The bulk of the story relates to attitudes spinning out of the May 1968 riots in Paris. It centres on an American reporter (Jane Fonda) and her filmmaker husband (Yvs Montand), who get caught up in a wildcat takeover of a factory. What's interesting is that the manager and union steward are articulate in their points of view and arguments, while the strikers, whom Godard seems to sympathize with the most, aren't, mostly arguing from emotion and ending their points with "It's difficult to explain." I suspect there's some sense of failure in actual revolution, and that real change comes from within, not political stunts.

The whole is framed by a meta-fictional take on movie-making, almost power-point-like, on what a movie needs commercially (love story, two bankable stars, money, etc). It's odd that the exercise doesn't make the director cynical about the story.


The factory as a cutaway.


The art of making commercials...


A consumerist society - get your radical politics in aisle 3.

YOUNG PEOPLE FUCKING

Thursday, September 6th, 2007

Young People... Doing Certain Things....

Thursday night was opening day for the Toronto International Film Festival, and i was there! Not at a gala event, mind you, but still.

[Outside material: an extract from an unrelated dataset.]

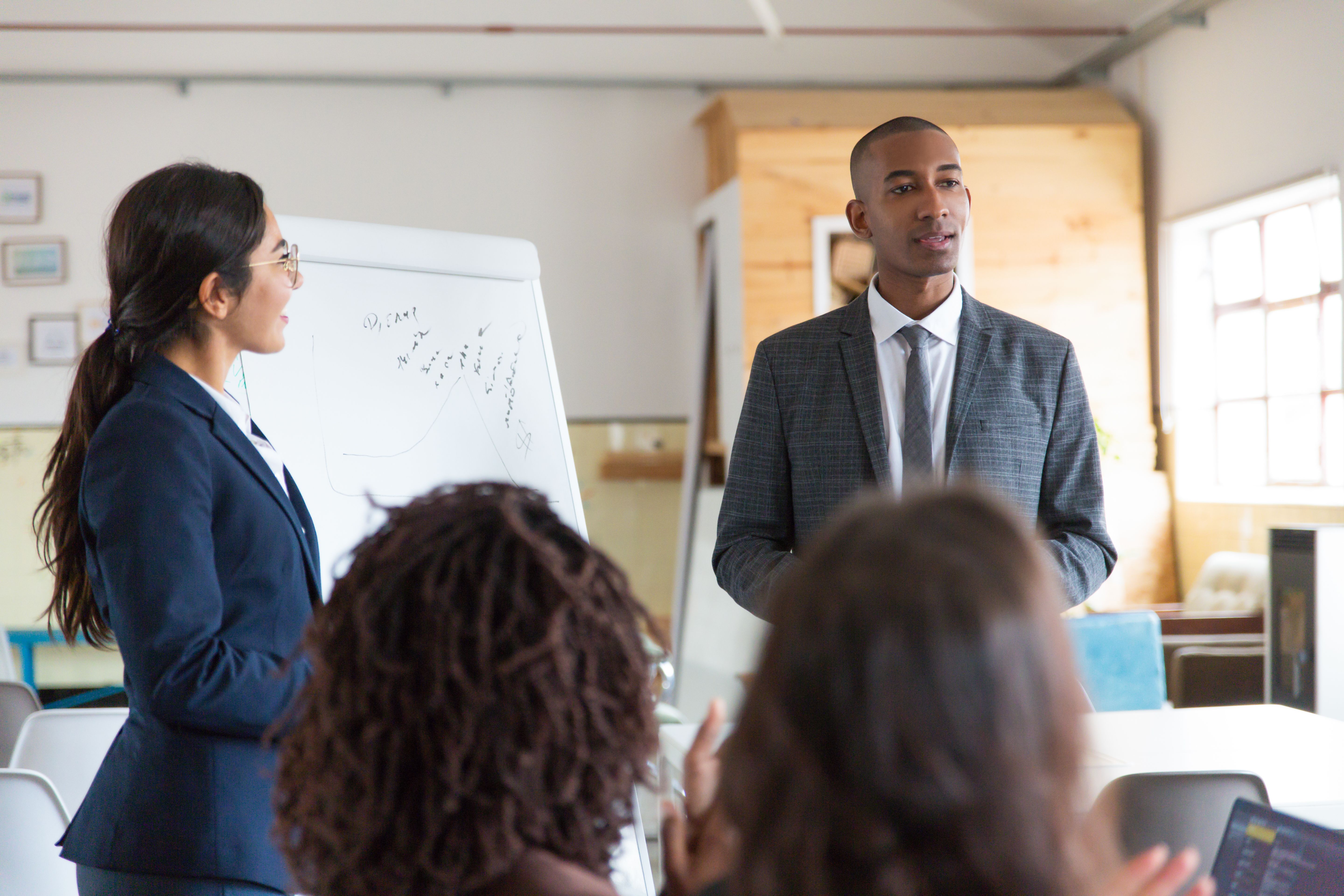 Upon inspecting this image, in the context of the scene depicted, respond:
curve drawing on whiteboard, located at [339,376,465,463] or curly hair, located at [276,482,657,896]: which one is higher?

Okay, maybe i should've got my ticket sooner. Actually, that wasn't the problem. The problem was that all the volunteers didn't know where to point me. I had bought my ticket online that morning, so i'm supposed to be able to pick it at the venue. By the way, that's a trick i use to get the seats i want. See, when i first had access to the box office, i bought the tickets i could. But some weren't available, possibly to high demand, or what not. But they always reserve a block for sale the morning of each showing. So, while i couldn't order tickets for the movie i wanted when i ordered the rest, i was able to get a morning release.

So, okay, i finally found their hidden box office, and had to get in line. This is the Varsity Cinemas, by the way. The line up went from the floor the cinema was on, down the steps, and into the street - i was almost standing on Bloor Street, which is half a block from the door. I should've peed at the restaurant. By the time we got in, i just grabbed a seat, even though i needed that pee, and i wanted a drink. Maybe it's a good thing i didn't get a drink, lol.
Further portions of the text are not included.